No problem, and in this sense I agree it would be hair splitting. I've both pillared and bedded countless rifles over the years. In reality, there is a bit of uncertainty as to the out come on some rifles that get bedded. Sometimes its remarkable, other times no difference. The guys that do this all the time use the best stuff they can get because it narrows it down as to why its no different, if thats the case. Even with the ProBed 2000, if I used the fumed silica that comes with it to thicken it up a bit, I end up with more air bubbles. Some epoxy is too thick to let the bubbles rise out of the mix when you set the action in it.
 
No problem, and in this sense I agree it would be hair splitting. I've both pillared and bedded countless rifles over the years. In reality, there is a bit of uncertainty as to the out come on some rifles that get bedded. Sometimes its remarkable, other times no difference. The guys that do this all the time use the best stuff they can get because it narrows it down as to why its no different, if thats the case. Even with the ProBed 2000, if I used the fumed silica that comes with it to thicken it up a bit, I end up with more air bubbles. Some epoxy is too thick to let the bubbles rise out of the mix when you set the action in it.
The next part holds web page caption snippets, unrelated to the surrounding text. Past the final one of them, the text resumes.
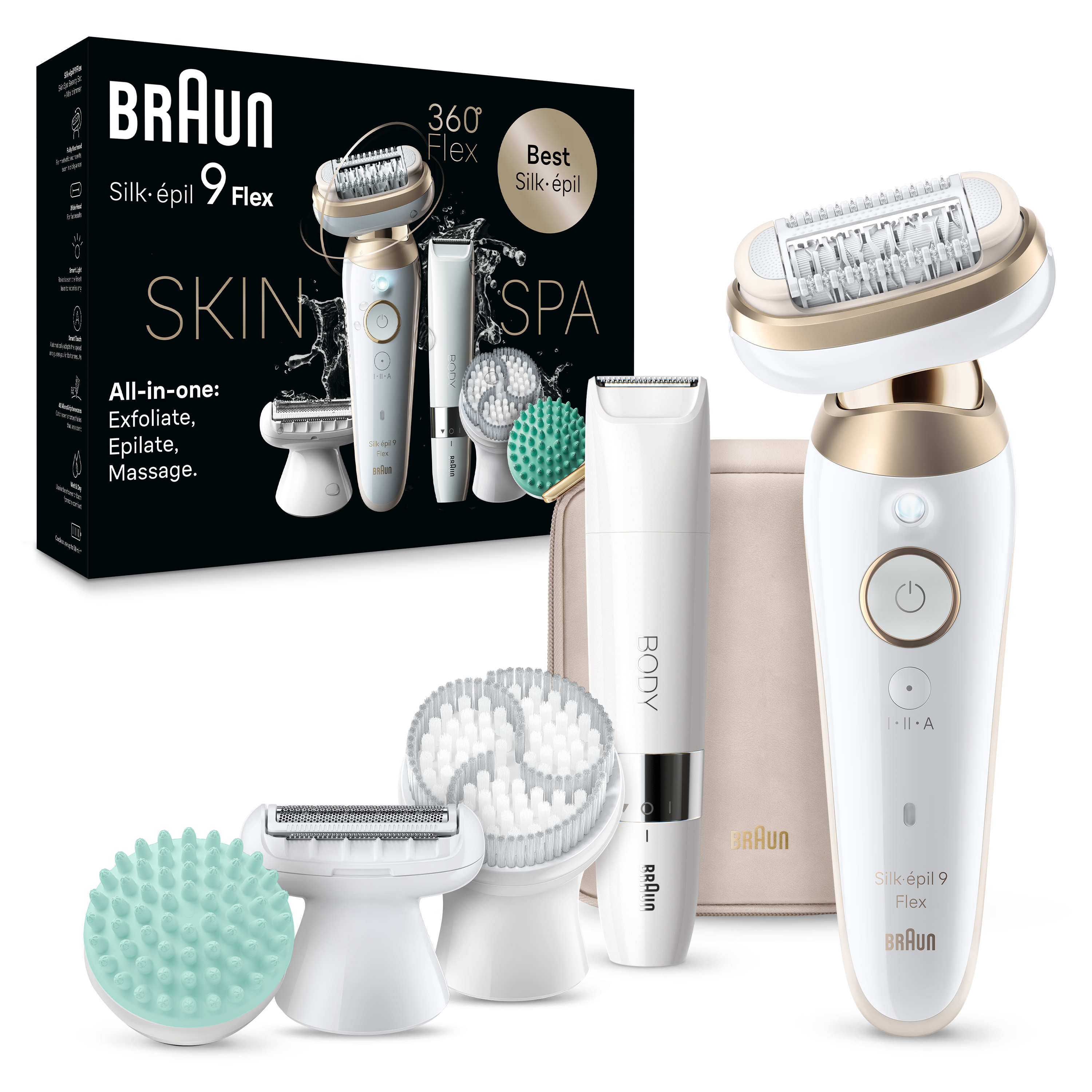 Depiladora BRAUN Silk Epil S9 Flex SES9-481 3D Plus 1Un (Arranque - Multi-zonas)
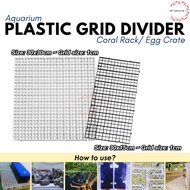 Aquarium Egg Crate | Coral Rack | Plastic Divider 30x15cm and 30x30cm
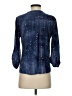 New Directions Stars Blue 3/4 Sleeve Blouse Size S - photo 2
I have a neat trick for getting the bubbles out of acraglas, or any epoxy for that matter. After you apply the epoxy to the stock, rest it on a vibrating power tool. I use an orbital sander without the sanding pad, but I've also used a bench grinder which worked just as well, just sit the stock on it for a few seconds and it's like magic, you can watch the bubbles just rise up out of the epoxy. Works amazing! I found that little gem in Bob Brownells' book "gunsmith kinks II".